Re: [PATCH] mm: make allocation counters per-order

From: Mel Gorman
Date: Thu Jul 06 2017 - 13:17:05 EST

On Thu, Jul 06, 2017 at 05:43:04PM +0100, Roman Gushchin wrote:
> > At the time I used a page allocator microbenchmark from mmtests to call
> > the allocator directly without zeroing pages. Triggering allocations from
> > userspace generally mask the overhead by the zeroing costs. It's just a few
> > cycles but given the budget for the page allocator in some circumstances
> > is tiny, it was noticable. perf was used to examine the cost.
> I'll try to measure the difference with mmtests.
> I agree, that it's not a feature that worth significant performance penalty,
> but if it's small even in a special benchmark, I'd say, it's acceptable.

Note that even if you keep the cycle overhead down, the CPU cache footprint
for such a large increase remains. That will be permanent and unfixable which
is why I would like a Kconfig option at the very least for the vast majority
of people that have no intention or ability to debug such a situation.

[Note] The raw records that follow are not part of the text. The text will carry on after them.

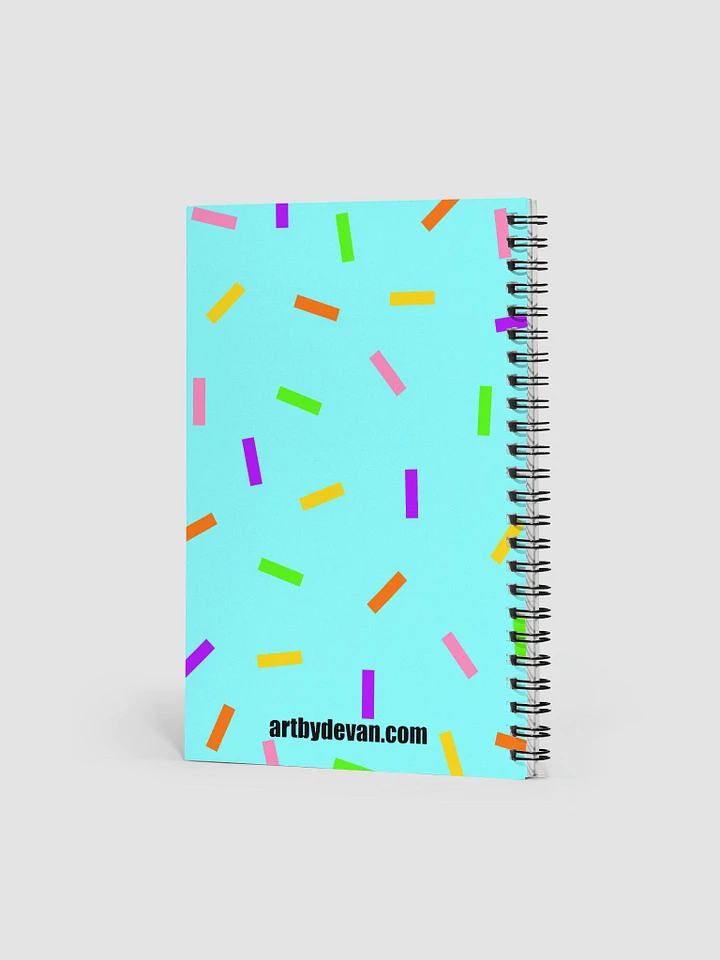 Dirty Donut Notebook product image (2)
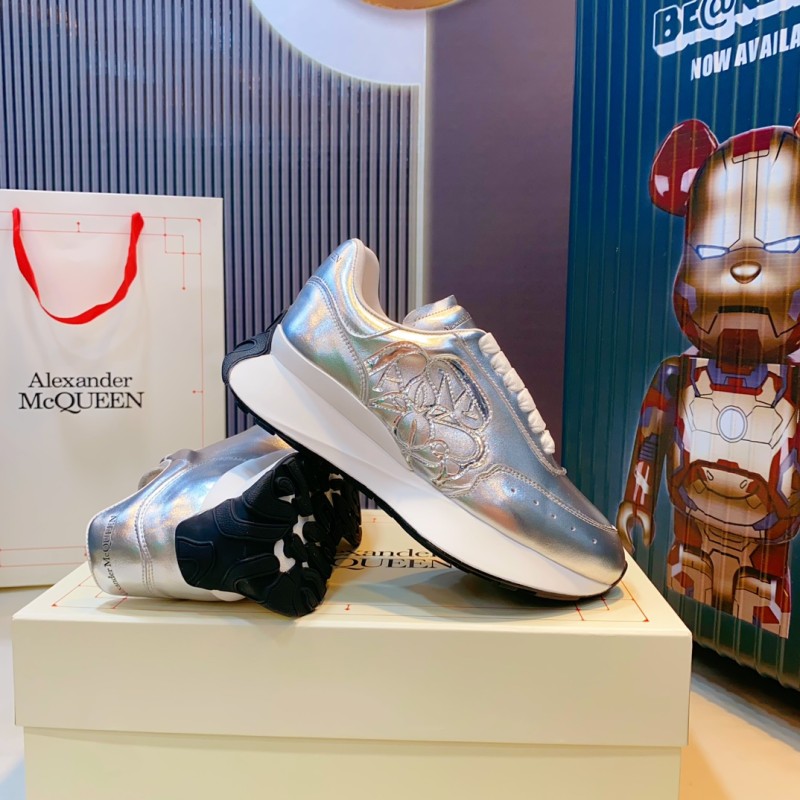 [알렉산더맥퀸] 남성 여성 오버솔 스니커즈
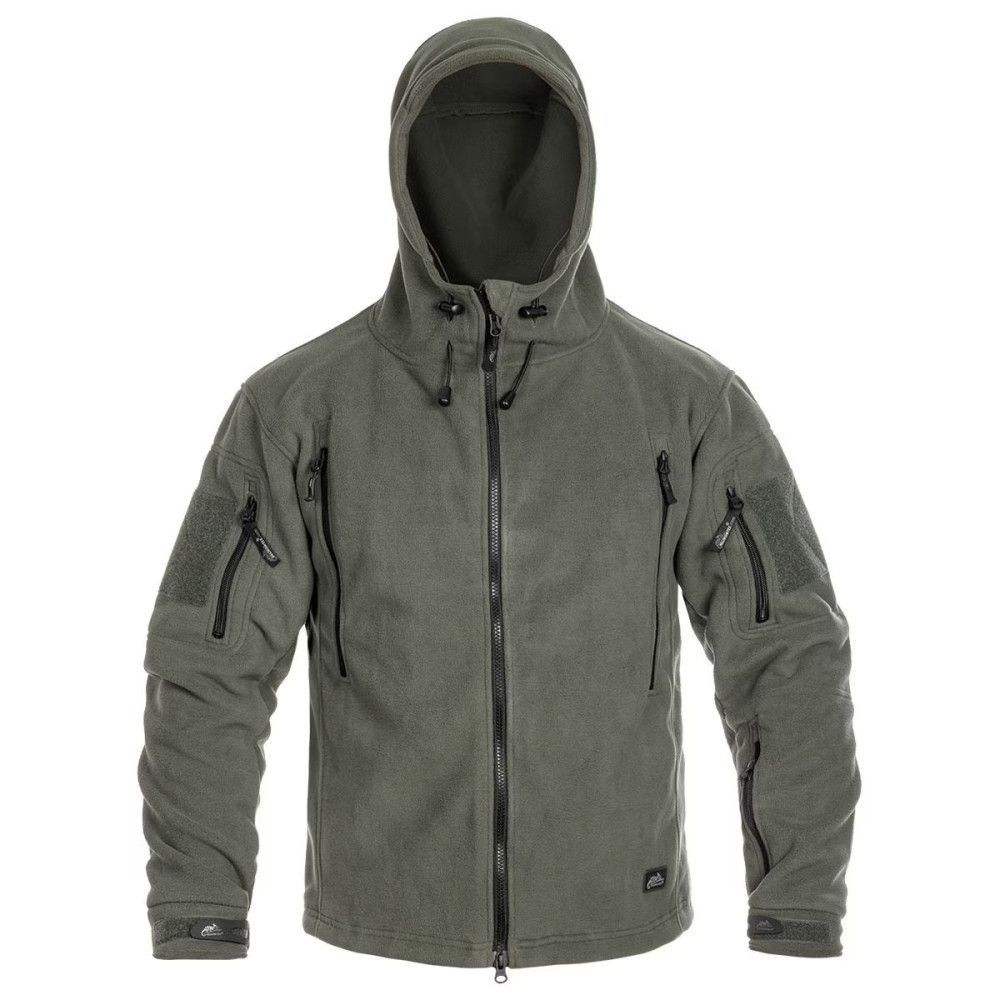 Fleece jacket PATRIOT Foliage green Helikon-Tex, L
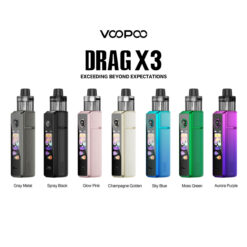 VOOPOO DRAG X3 KIT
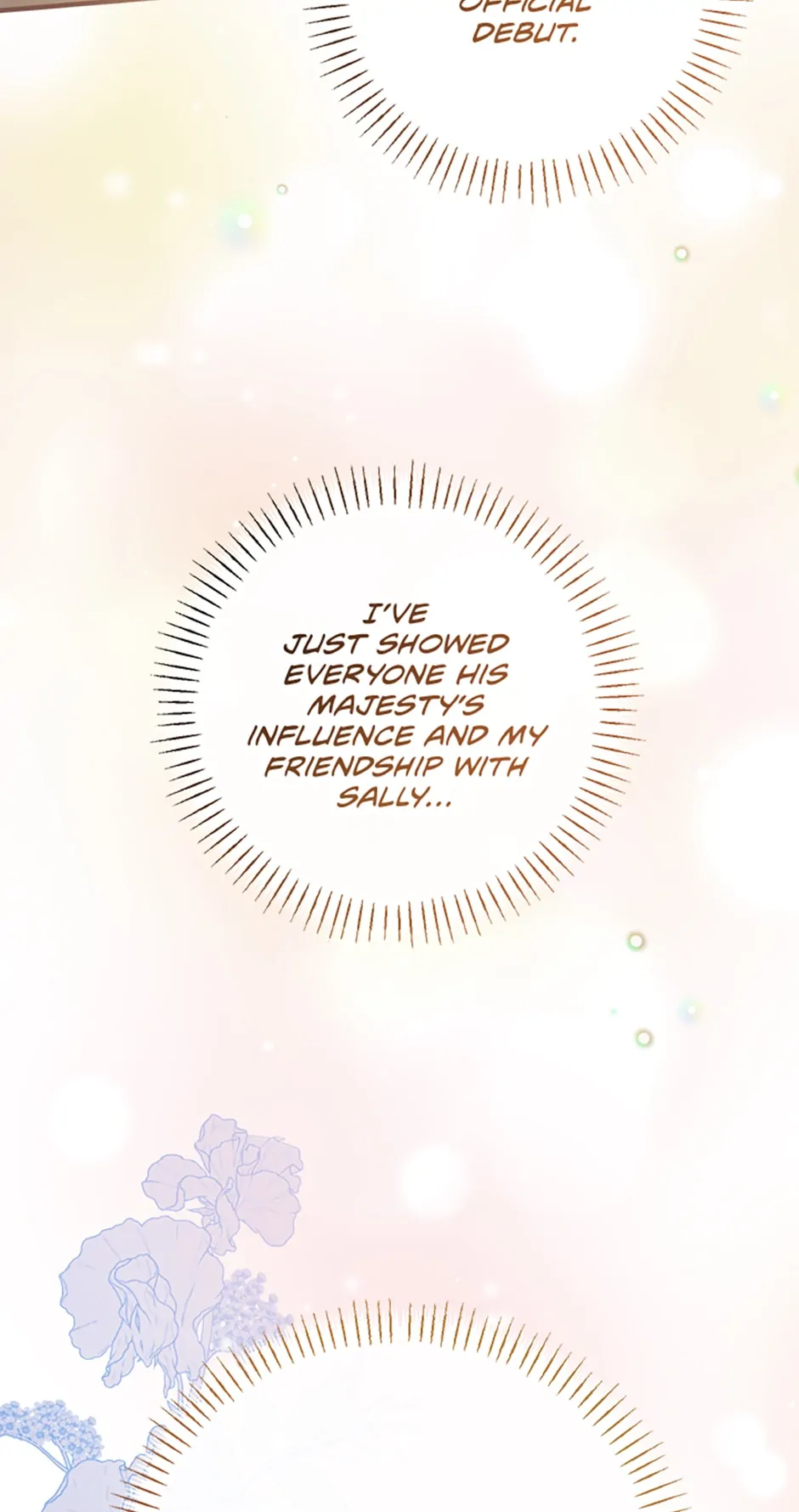 The Glamorous Life of the Fake Mistress - Chapter 72 manhwa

> > > As new counters replace an old one, and both are per-cpu counters, I believe,
> > > that the difference should be really small.
> > >
> >
> > Minimally you add a new branch and a small number of computations. It's
> > small but it's there. The cache footprint of the counters is also increased.
> > That is hard to take given that it's overhead for everybody on the off-chance
> > it can debug something.
> >
> > It's not a strong objection and I won't nak it on this basis but given
> > that the same information can be easily obtained using tracepoints
> > (optionally lower overhead with systemtap), the information is rarely
> > going to be useful (no latency information for example) and there is an
> > increased maintenance cost then it does not seem to be that useful.
> Tracepoints are good for investigations on one machine, not so convenient
> if we are talking about gathering stats from the fleet with production load.
> Unfortunately, some memory fragmentation issues are hard to reproduce on
> a single dev machine.

Sure, but just knowing that some high-order allocations occurred in the
past doesn't help either.

> > Maybe it would be slightly more convincing if there was an example of
> > real problems in the field that can be debugged with this. For high-order
> > allocations, I previously found that it was the latency that was of the
> > most concern and not the absolute count that happened since the system
> > started.
> We met an issue with compaction consuming too much CPU under some specific
> conditions, and one of the suspicions was a significant number of high-order
> allocations, requested by some third-party device drivers.

Even if this was the suspicion, you would have to activate monitoring on
the machine under load at the time the problem is occurring to determine if
the high-order allocations are currently happening or happened in the past.
If you are continually logging this data then logging allocation stalls for
high-order allocations would give you similar information. If you have to
activate a monitor anyway (or an agent that monitors for high CPU usage),
then it might as well be ftrace based as well as anything else. Even a
basic systemtap script would be able to capture only stack traces for
allocation requests that take longer than a threshold to limit the amount
of data recorded. Even *if* you had these counters running on your grid,
they will tell you nothing about how long those allocations are or whether
compaction is involved and that is what is key to begin debugging the issue.

A basic monitor of /proc/vmstat for the compact_* can be used an indication
of excessive time spent in compaction although you're back to ftrace to
quantify how much of a problem it is in terms of time. For example,
rapidly increasing compact_fail combined with rapidly increasing
compact_migrate_scanned and compact_free_scanned will tell you that
compaction is active and failing with a comparison of the ratio of
compact_fail to compact_success telling you if it's persistent or slow
progress. You'd need top information to see if it's the compaction daemon
that is consuming all the CPU or processes. If it's the daemon then that
points you in the direction of what potentially needs fixing. If it's
processes then there is a greater problem and ftrace needs to be used to
establish *what* is doing the high-allocation requests and whether they
can be reduced somehow or whether it's a general fragmentation problem
(in which case your day takes a turn for the worse).

What I'm trying to say is that in themselves, an high-order allocation
count doesn't help debug this class of problem as much as you'd think.
Hopefully the above information is more useful to you in helping debug
what's actually wrong.

> Knowing the number of allocations is especially helpful for comparing
> different kernel versions in a such case, as it's hard to distinguish changes
> in mm, changes in these drivers or just workload/environment changes,
> leaded to an increased or decreased fragmentation.

I'm still struggling to see how counters help when an agent that monitors
for high CPU usage could be activated that captures tracing to see if it's
allocation and compaction stalls that are contributing to the overall load
or "something else".

Mel Gorman